• **COLLECTED DATA**
============================================================

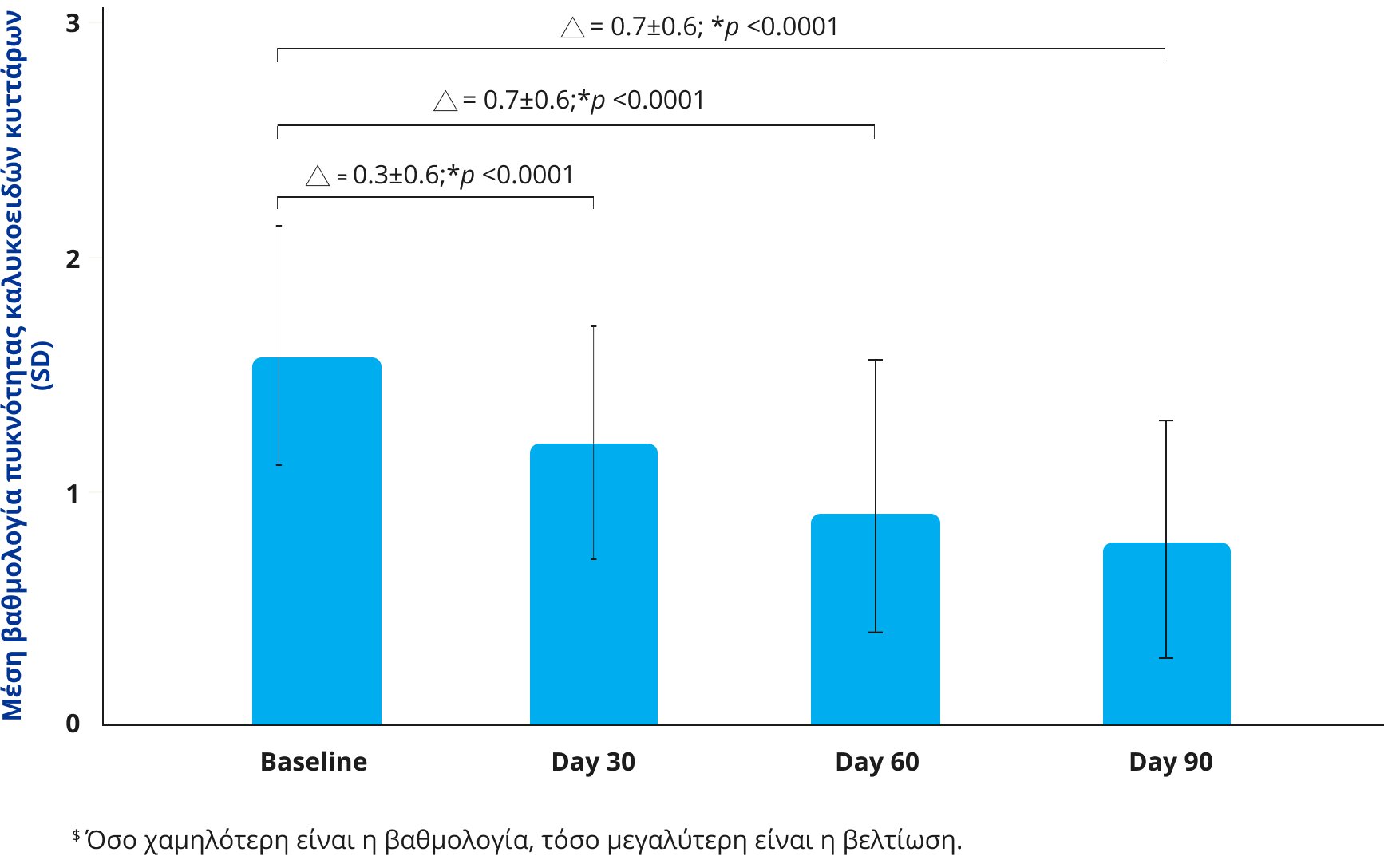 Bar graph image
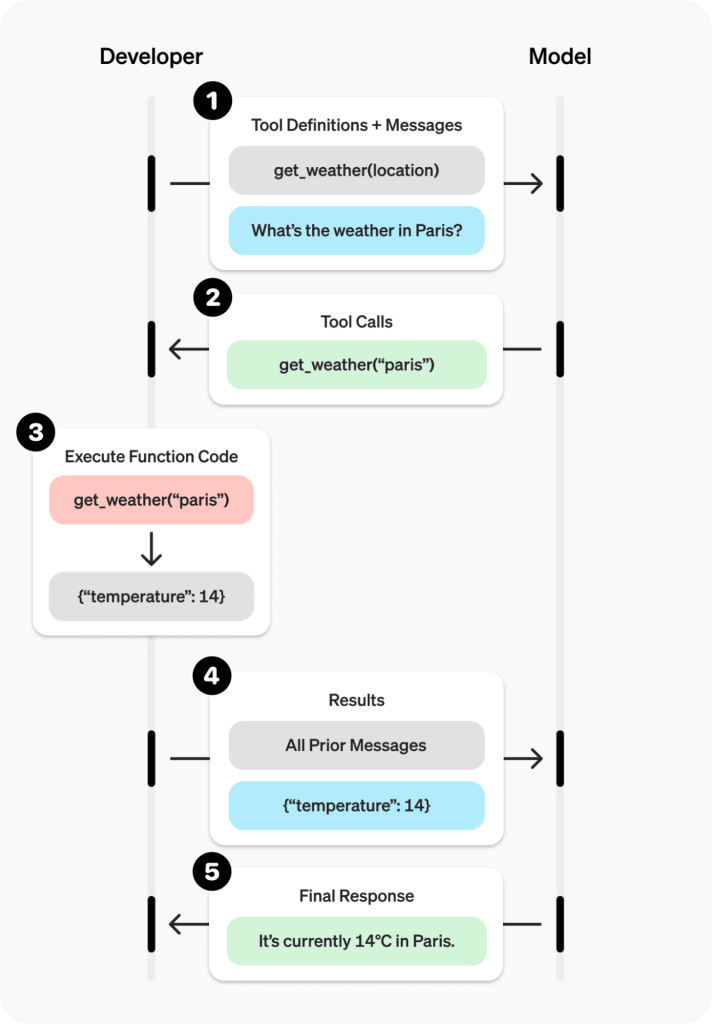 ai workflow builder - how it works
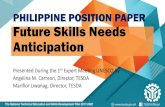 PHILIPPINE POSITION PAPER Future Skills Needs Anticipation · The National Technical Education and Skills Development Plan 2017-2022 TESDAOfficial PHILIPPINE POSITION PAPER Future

============================================================

• **TASK**
When you find the line that contains "ai workflow builder - how it works", retype it and every line after it through the end of the data above, exactly, with no pictures.

• **WRITTEN RESPONSE**
 ai workflow builder - how it works
 PHILIPPINE POSITION PAPER Future Skills Needs Anticipation · The National Technical Education and Skills Development Plan 2017-2022 TESDAOfficial PHILIPPINE POSITION PAPER Future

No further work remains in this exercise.